En lisant Dissertation sur la nature et la propagation du feu rédigée par Emilie du Châtelet et récompensée par l’académie de sciences en 1738, je m’aperçois du décalage abyssal entre nos connaissances actuelles de l’univers et le tout début de la physique expérimentale initiée par Newton…
Emilie réalise son essai en huit jours, ne dormant qu’une heure par nuit, et n’hésite pas à plonger un vers luisant dans l’eau glacée ou à regarder le monde à travers un trou d’épingle pour prouver que le feu n’est pas une matière…
Parmi ses conclusions, le soleil est une masse et le feu une énergie…
A propos de cet essai, Mme de Graffigny ne tarit pas d’éloges sur Emilie chez laquelle elle est invitée en décembre 1739. Elle écrit un hymne (à sa manière) pour célébrer son hôtesse :
« Ah, quelle femme ! que je suis petite ! Si ma diminution s’etendoit sur le corps, je passerois par le trou d’une cerure.
J’ai lu aussi le Discours sur le feu de Voltaire ; il n’est pas digne de torcher le cul de l’autre.
Il est bien vray que quand les femmes se mele d’ecrire, elles surpassent les hommes. Quelle prodigieuse difference !

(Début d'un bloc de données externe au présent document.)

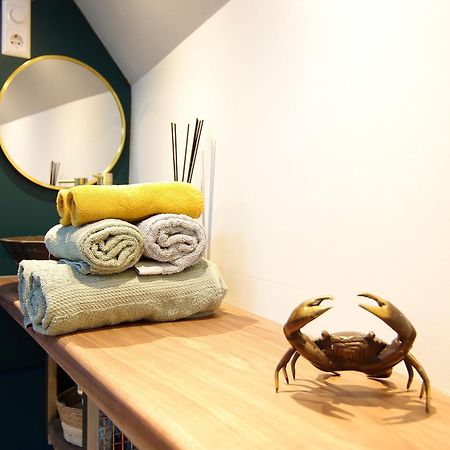 Najade Eco Houseboat Hotel Amsterdam Exterior photo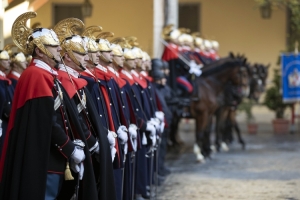 Il Presidente Sergio Mattarella nella Caserma "Magg. Alessandro Negri di Sanfront",in occasione della cerimonia di cambio del Comandante dei Corazzieri Gen.Alessandro Casarsa e Col.Luciano Magrini, rispettivamente uscente ed entrante.
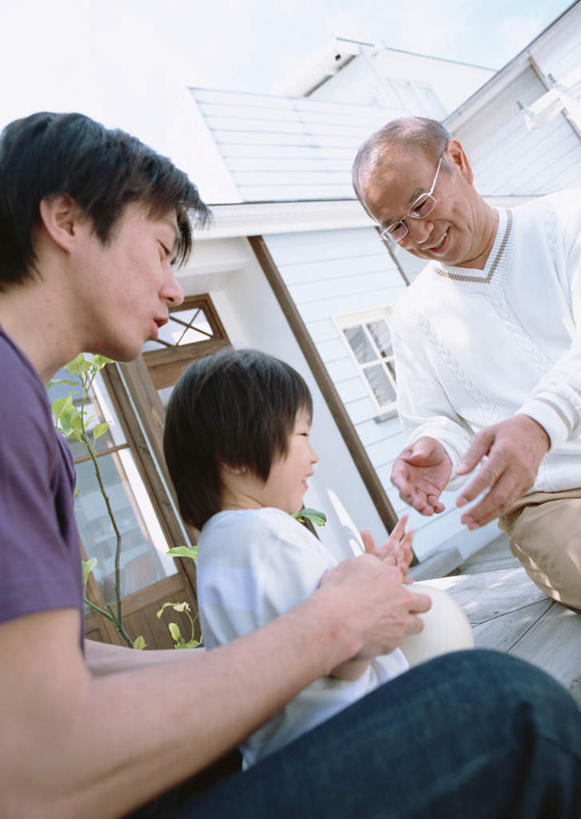 东方人,儿童,老年人,三个人,父亲,儿子,祖父,三代同堂,客厅,坐,举,笑,微笑,露齿笑,竖图,室内,白天,仰视,纯洁,沙发,亚洲,服装,时间,时钟,眼镜,墙,计时,注视,休闲装,黄种人,祖孙三代,墙壁,墙面,小孩,衣服,白色,钟表,观察,看,托,休闲,温暖,温馨,父子,休闲服,表,父爱,可爱,童年,童趣,服饰,爷爷,观看,祖孙,老花镜,和睦,察看,起居室,关注,布艺沙发,童真,烂漫,无邪,外公,外祖父,外孙,摆钟,外孙子,客堂,远视眼镜,天真,老年男性,男孩,男人,男性,年轻男性,亚洲人,孩子,年轻人,全家福,孙子,钟,举起,举手,举着,向上举,向上伸,向上托,坐着,半身,彩图,低角度拍摄,融洽,男生,爸爸,多代同堂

Mais combien de siecles faut-il pour faire une femme comme celle-la ?
Et comment a-t-elle fait ce discour ? La nuit, parce qu’elle se cachoit de Voltaire. Elle ne dormoit qu’une heure ; accablée de someil, elle se mettoit les mains dans de l’eau a la glace, ce promenoit en se battant les bras, et puis ecrivoit les resonnemens les plus abstrait avec un stille a se faire lire pour lui.
Elle a passé huit nuit de suite de cette façon. »
(Petits Riens de Mme de Graffigny, Liralest 2021)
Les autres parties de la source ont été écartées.